John Anderson, film critic for Variety magazine, liked the film, and lauded the musical in his review. He wrote, "John Sayles the storyteller and John Sayles the political progressive haven't always played well together, but, in the endearing musical time-piece Honeydripper, the indie icon lets his narrative gifts take the lead and the social issues follow like a tight bass line. The result is one of Sayles' best films. The music, a mix of blues, seminal rock and newcomer Gary Clark Jr.'s performance, will be an obvious draw, as will the performances by some leading African-American actors."

Critic Kirk Honeycutt was uncomfortable with the stereotypes in the film but praised it due to Sayles' film background. He wrote, "...the film makes you at times uncomfortable with black and Southern stereotypes that may hinder some from fully enjoying an otherwise benign and cheerful tall tale of the Saturday night when rock came to rural Alabama. Sayles has paid far too many dues as a man who can write smoothly and in depth about many regions of America for a critical response to attack him over this. But the images and caricatures of a blind guitar picker, redneck sheriff, revival meetings, cotton-picking, fights in juke joints and the like have all been evoked in so many movies of much less integrity that this is a thing one must get past before surrendering to his amusing backwater fable.... The film does feature a host of interesting characters and, as always with Sayles, the dialogue has more than a few zingers. The well-cast actors are all solid, more than solid even, but as the director-editor Sayles lets the pace slacken too often."

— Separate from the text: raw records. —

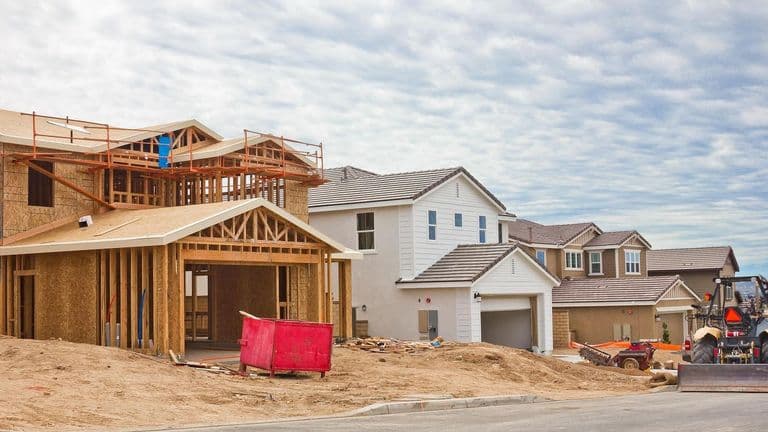 Stagnant construction amid steady interest rates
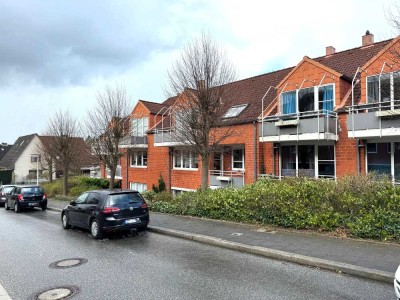 Im Auftrag z. verk.: 3-Zi.-Wohnung mit Terrasse u. Carport in ruhiger Lage am Viehburger Gehölz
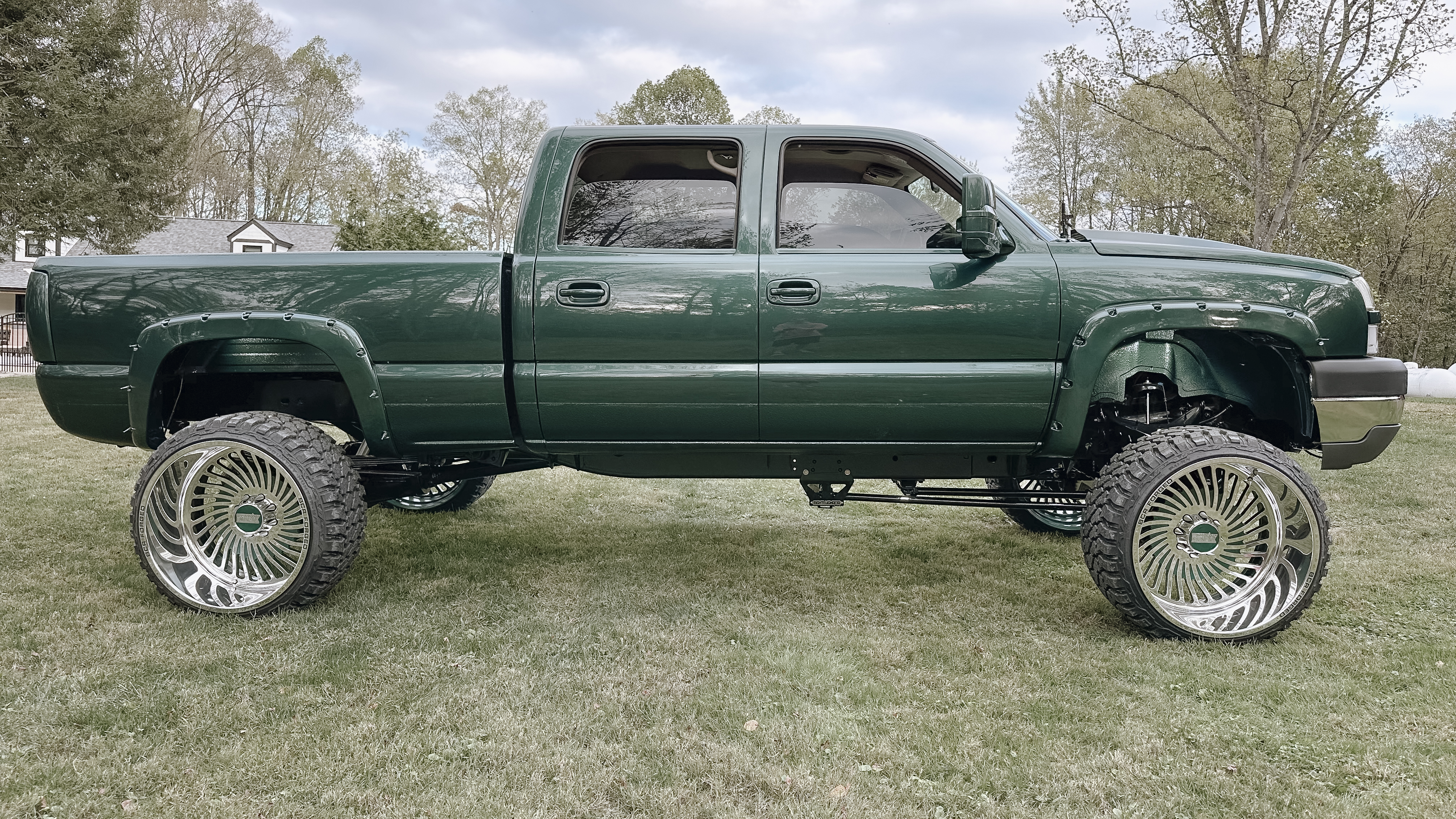 Used 2004 Chevrolet Silverado 2500 W/T w/ Skid Plate Package AWD/4WD image 4
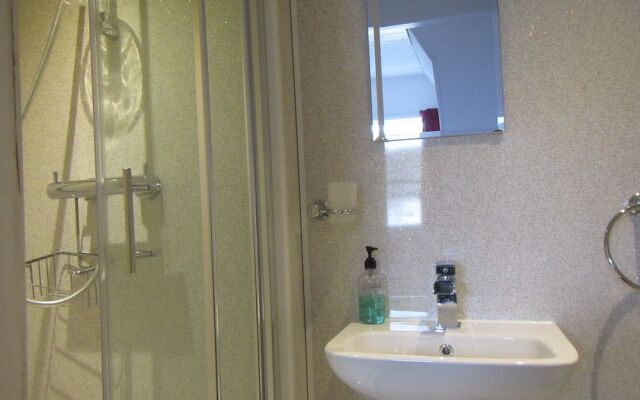 Glascoed Guest House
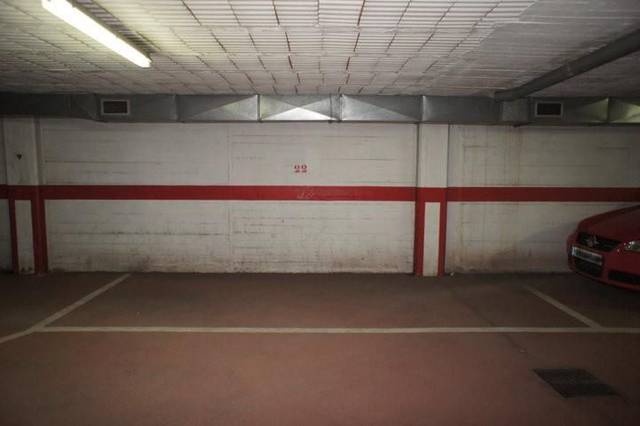 Garaje en Alquiler en Travesía de Arteixo, 2T en Oseiro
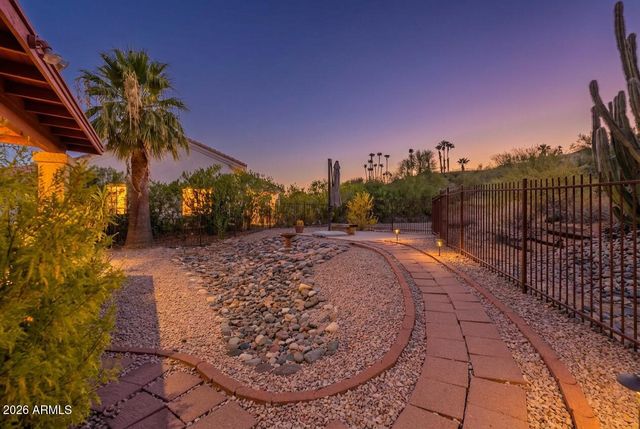 17134 E PARLIN Drive, Fountain Hills, AZ 85268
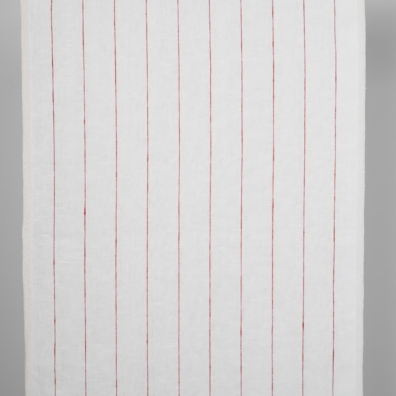 Hvitt håndkle linstoff med røde striper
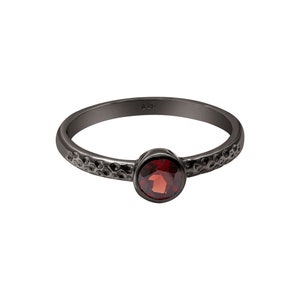 Natural Garnet Silver Ring, Black Rhodium Garnet Ring, Hammered Band Ring, Statement Garnet Ring For Women, Garnet Gemstone Ring For Her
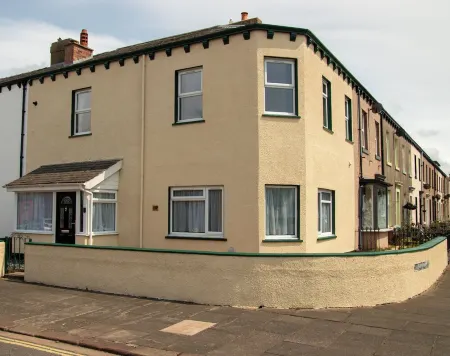 Spacious 3 bedroom townhouse by the coast, close to all amenities.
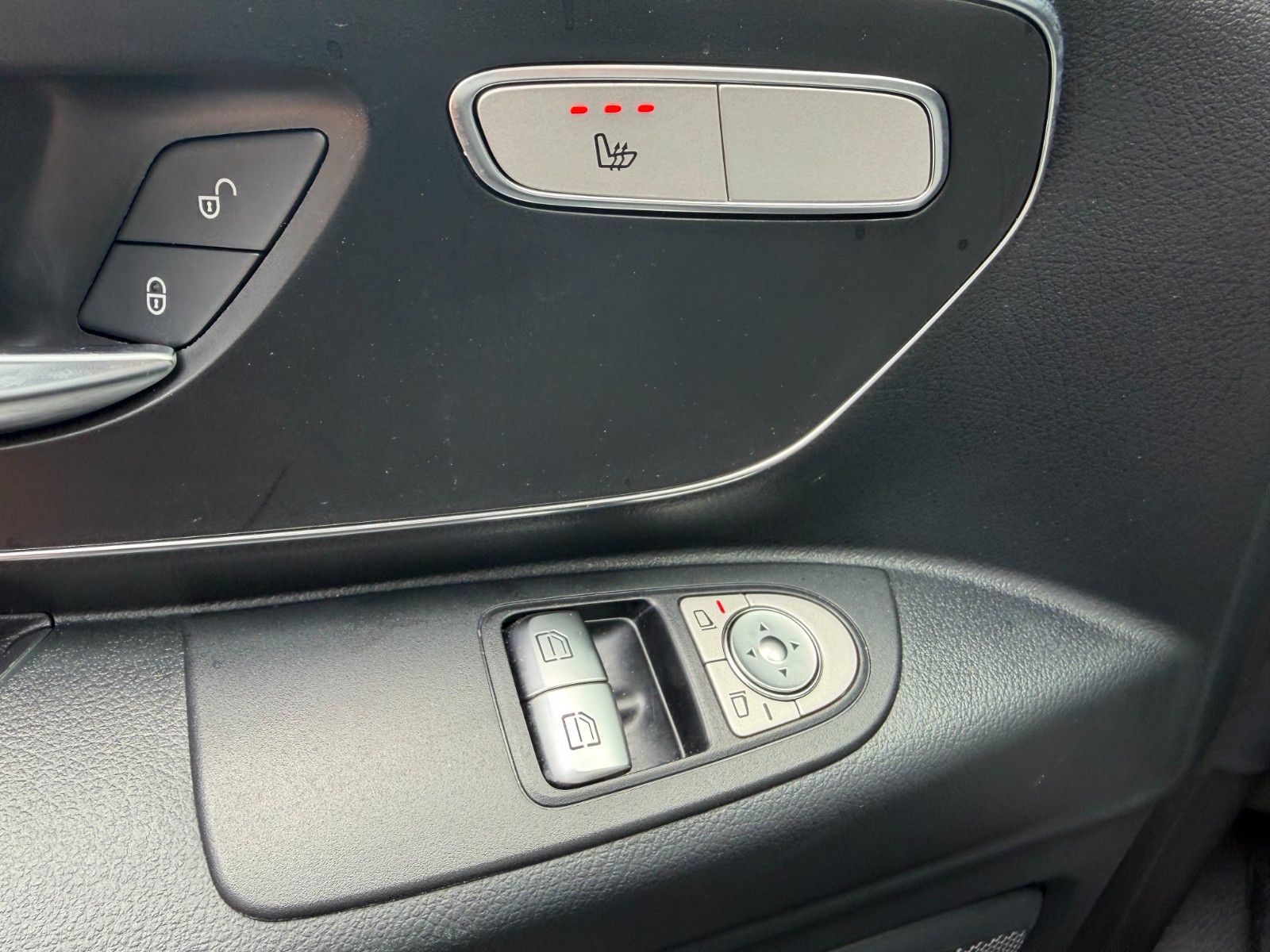 Fahrzeugabbildung Mercedes-Benz Vito 116 CDI 9G Tourer Pro AHK2,5to 2xKlima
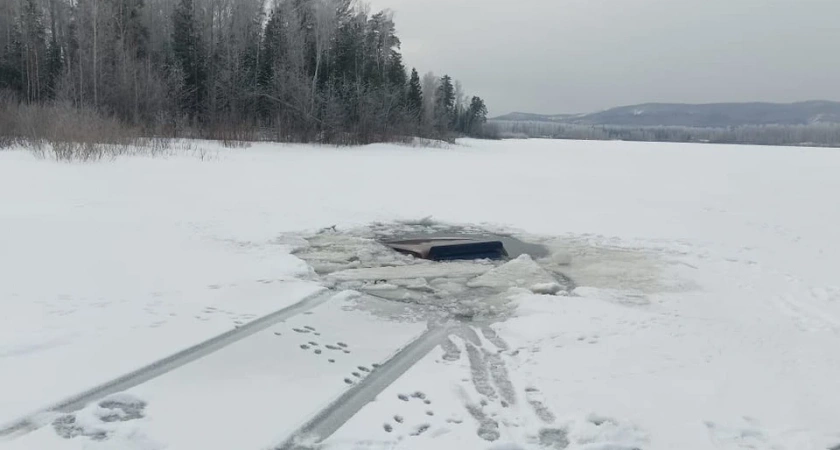 В Челябинской области на водохранилище отечественный автомобиль провалился под лед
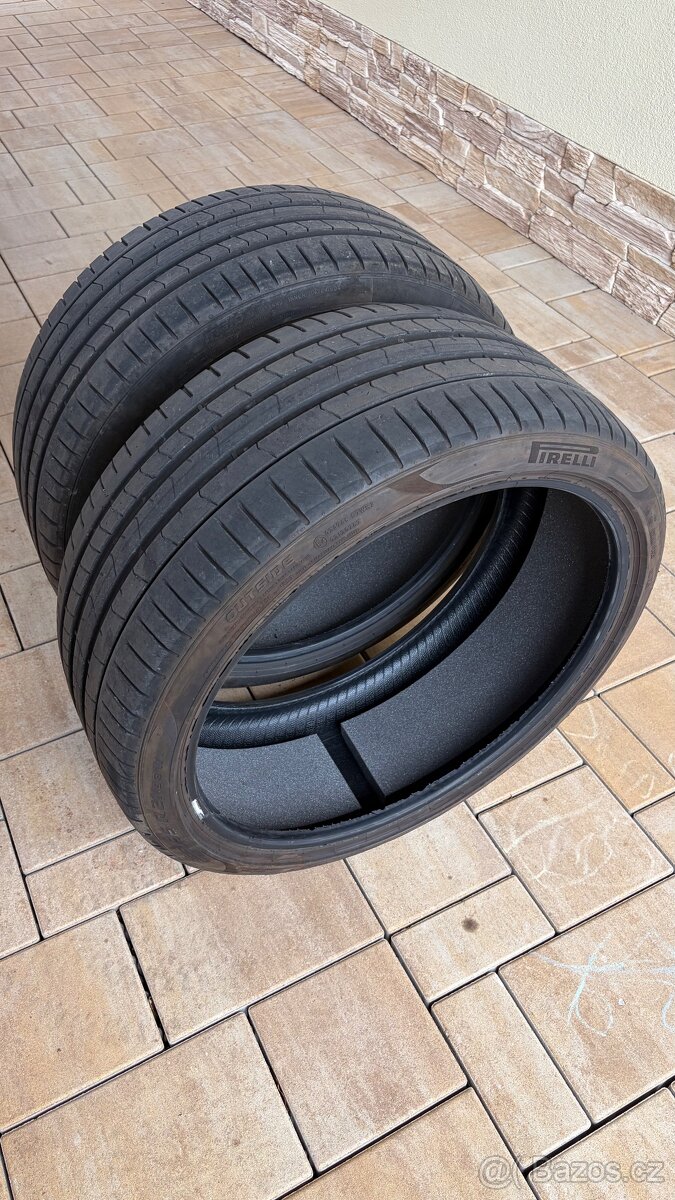 Pirelli P Zero 255/35/21 - 2
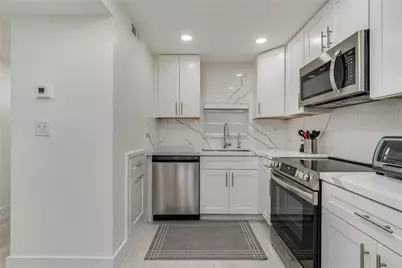 411 S Hollybrook Drive #109, Pembroke Pines, FL 33025 - Photo 11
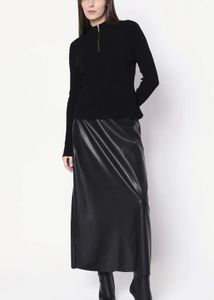 Black Ribbed Top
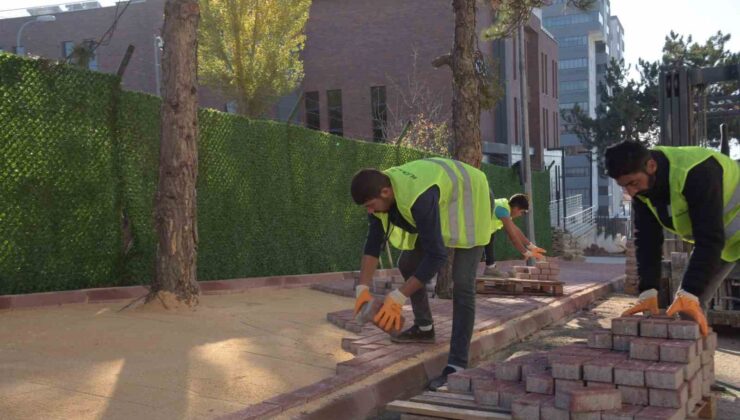 Yeni cadde ve sokaklar ulaşıma açılıyor, kaldırımlar yenileniyor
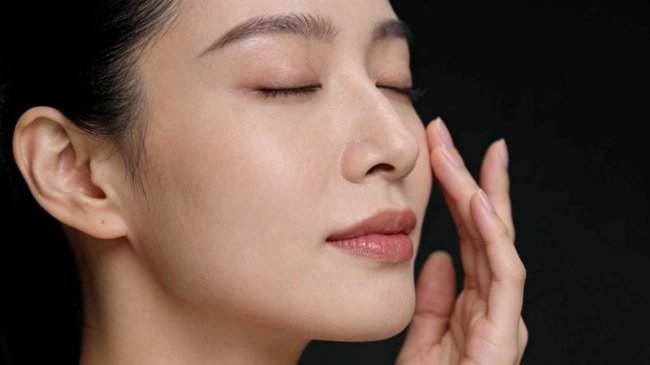 换季敏感+抗衰内耗？艳存晓年轻胶原水光套组，维稳抗衰双在线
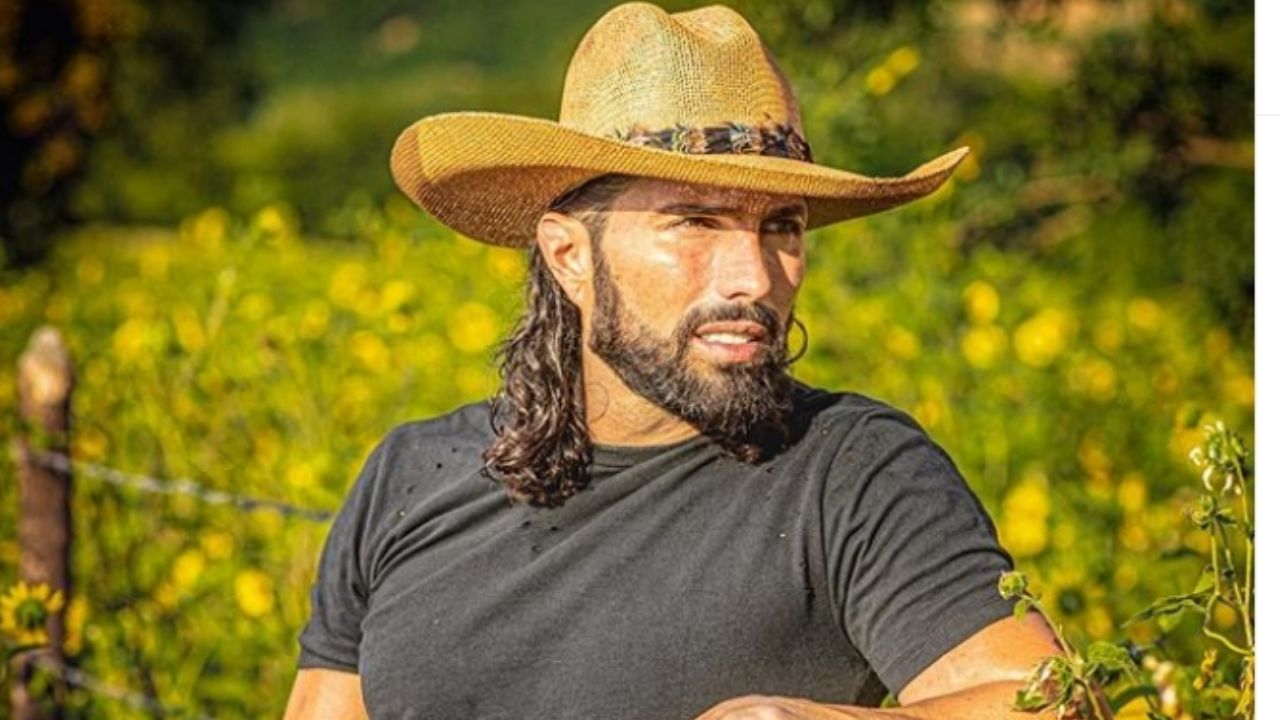 Poncho de Nigris se pone a bailar y cantar al ritmo de Bad Bunny con ‘Yo perreo sola’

Honeydripper won the 2008 NAACP Image Award for Outstanding Independent Motion Picture.

==Distribution==
Honeydripper had its world premiere on September 10 at the 2007 Toronto International Film Festival. It also screened at the San Sebastián International Film Festival, the London Film Festival, the St. Louis International Film Festival and the San Joaquin Film Festival.

The film had a limited release in the United States on December 28, 2007, with a release in the United Kingdom set for April 28, 2008.